Die Nächte verbringen die Menschen in behelfsmäßig errichteten Lagern - vorwiegend unter Brücken. Daran konnten auch baulichen Maßnahmen der Stadt wie beispielsweise fix montierte Sperrgitter wenig ändern. Einige Bettler und Bettlerinnen sind mit der ganzen Familie nach Salzburg gekommen und hausen mit kleinen Kindern in den Elendslagern unter den Stadtbrücken. Nur ein ganz geringer Teil kommt vorübergehend in einem von der Caritas im Auftrag der Stadt betriebenen Notquartier unter. Diese "Arche Nord" mit 35 Schlafplätzen wird allerdings dieser Tage geschlossen.

Sektorales Verbot

Es ist vor allem die Stadt-ÖVP, die seit Monaten ein Bettelverbot für Salzburg fordert. Nachdem ein generelles Bettelverbot laut Verfassungsgerichtshof allerdings nicht zulässig ist, soll es eben strikte Verbotszonen geben. Mit der Materie vertraute Experten von der Caritas aber auch mit dem Phänomen befasste Wissenschafter und Menschenrechtsaktivisten erwarten bei einem sektoralen Verbot eine Verdrängung der Bettelei in andere Stadtviertel. Das ficht die ÖVP in ihrer Haltung freilich nicht an.

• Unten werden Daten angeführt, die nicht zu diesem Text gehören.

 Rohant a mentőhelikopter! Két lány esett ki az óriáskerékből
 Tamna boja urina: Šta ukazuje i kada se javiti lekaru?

Im vergangenen Gemeinderatswahlkampf hat man mit dem Bettelthema versucht, die FPÖ rechts zu überholen. Der Wähler hat es Harald Preuner übrigens nicht gedankt, die ÖVP verlor einen ihrer bis dahin zwei Sitze in der Stadtregierung.

Bettlerspaß

Rückendeckung erhält die ÖVP von Landespolizeidirektor Franz Ruf. Dieser hat sogar eine eigene Sonderkommission gegen die Bettelei gründen lassen. Mehrfach schon sind dem der ÖVP zuzurechnenden Polizeichef in dem Zusammenhang aber die politischen Pferde durchgegangen und er hat in seiner Eigenschaft als Polizeidirektor ein sektorales Bettelverbot gefordert. Die Unterscheidung zwischen Exekutive und Legislative sei eben nicht so einfach, witzeln Juristen über die politischen Ausritte von Salzburgs oberstem Polizisten.

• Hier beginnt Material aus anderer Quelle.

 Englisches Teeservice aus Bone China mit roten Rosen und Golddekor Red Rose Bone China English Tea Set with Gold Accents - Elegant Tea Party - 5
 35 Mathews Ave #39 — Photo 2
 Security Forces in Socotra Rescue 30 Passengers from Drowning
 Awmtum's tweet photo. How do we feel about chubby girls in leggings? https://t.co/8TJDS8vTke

Wenig Zurückhaltung übt die Salzburg Polizei auch in ihrer Pressearbeit, wenn es um die Notreisenden aus Rumänien geht. In einer Presseaussendung zu einer Serie von Einbrüchen und Trickdiebstählen, die möglicherweise einem Täterkreis zuzuordnen sind, der mit dem Bettlermilieu in Kontakt steht, wurde vergangene Woche fast im Stil der Boulevardschreiber von der Polizei selbst behauptet, dass sich die Täter bei ihren Einbrüchen "einen Spaß machten, indem sie, während die Opfer schliefen, im Haus duschten und die Toilette benutzten."

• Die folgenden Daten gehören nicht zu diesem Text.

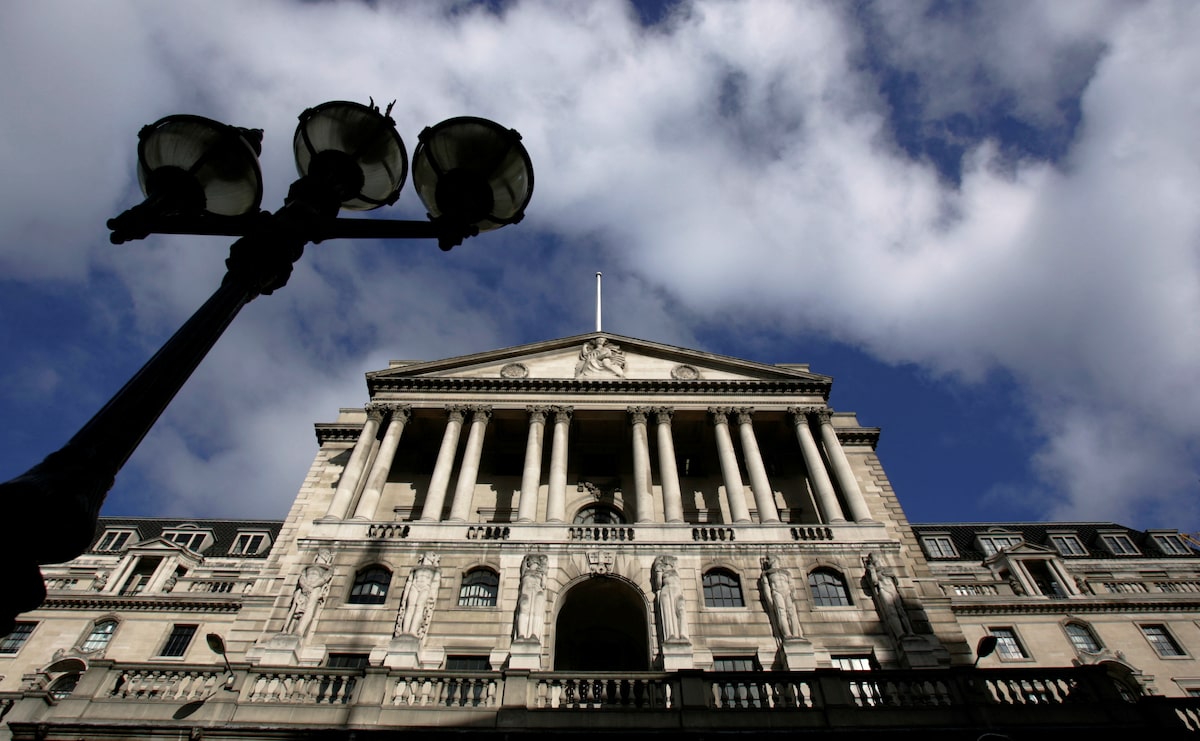 BOE Rate Cut Bets Fall Following UK Inflation Figures; Pound Strengthens BOE Rate Cut Bets Fall Following UK Inflation Figures; Pound Strengthens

Bürgermeister prüft Verbot

Unter dem Eindruck der massiven Kampagne der vergangenen Tage und Wochen und mit Rücksicht auf die medial reichlich aufgeheizte Stimmung hat nun Bürgermeister Heinz Schaden (SPÖ) ein Stück weit nachgegeben. "Das Ziel ist eine räumliche und zeitliche Beschränkung", wird Schaden in der Lokalbeilage der "Salzburger Nachrichten" zitiert. Im Klartext: Die Stadt prüft, ob eine Regelung ähnlich jener für Straßenmusikanten mit fix zugewiesenen Plätzen und Zeiten verfassungsrechtlich hält.

"Rechter Geist"

Widerstand gegen solche Pläne kommt allein von der Bürgerliste in der Stadt. Die Vorsitzende des Sozialausschusses im Gemeinderat und Sozialsprecherin ihrer Fraktion, Ulrike Saghi, fordert, dass der Gemeinderatsbeschluss umzusetzen sei, in dem eine Notunterkunft für 50 Notreisende beschlossen worden war. "Man kann soziale Fragen nur mit sozialen Maßnahmen beantworten", sagt Saghi.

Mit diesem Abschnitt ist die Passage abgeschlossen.